The problem is, ink is no longer the currency of information. The reassembled zeros and ones you're reading right now are the modern commodity. The printed word is in terminal decline. Over the last few years, the Murdoch print stable has been investing heavily in digital technology, creating multimedia editorial operations, turning traditional print hacks (a questionable name, now, to describe a journalist) into videographers. The invention of the Apple iPad has proven to be another boon, and the development of dedicated iPad apps for all of the News International titles in the UK may yet prove to be another stroke of genius. Certainly, consolidating the gargantuan Sunday Times into a portable digital format was a welcome idea that only those with a perverted addiction to the tactility of holding a newspaper would consider bad.
So, as five million copies of the very last edition of the News of the World get snapped up, 200 journalists look for work, and their newsroom is sealed ahead of further police investigations into phone hacking, what next?

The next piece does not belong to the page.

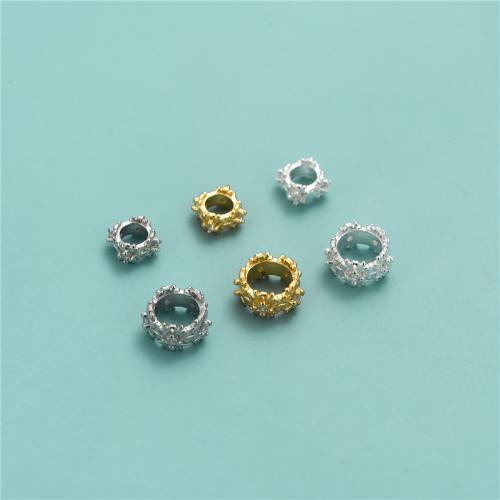 Spacer perle Nakit, 925 Sterling Silver, Rondelle, pozlaćen, možete DIY & različite veličine za izbor & s Rhinestone, više boja za izbor, Prodano By PC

Rebekah Brooks remains at the helm of News International, bizarrely retained at the cost of an entire newspaper and its staff under the murky premise that she is "the best person to lead the company out of this crisis". Rupert Murdoch's takeover of BSkyB remains on hold. There is no decision, yet, on whether The Sun will be published on a Sunday.
In their attempt to find new angles and alternative nuances on this story, the rest of the British - and, indeed, global - media have concluded that this has been one of the most engrossing scandals to have gripped Britain in years. Some have likened it to Watergate. I'm not so sure, and the fact that this has been a scandal of the media, reported and then amplified by the media, may not put it in the proper perspective. If, ultimately, it costs Rupert Murdoch his entire empire (there are murmurings that it could even lead to BSkyB's operating licence being withdrawn), there will be other media organisations. Life will go on.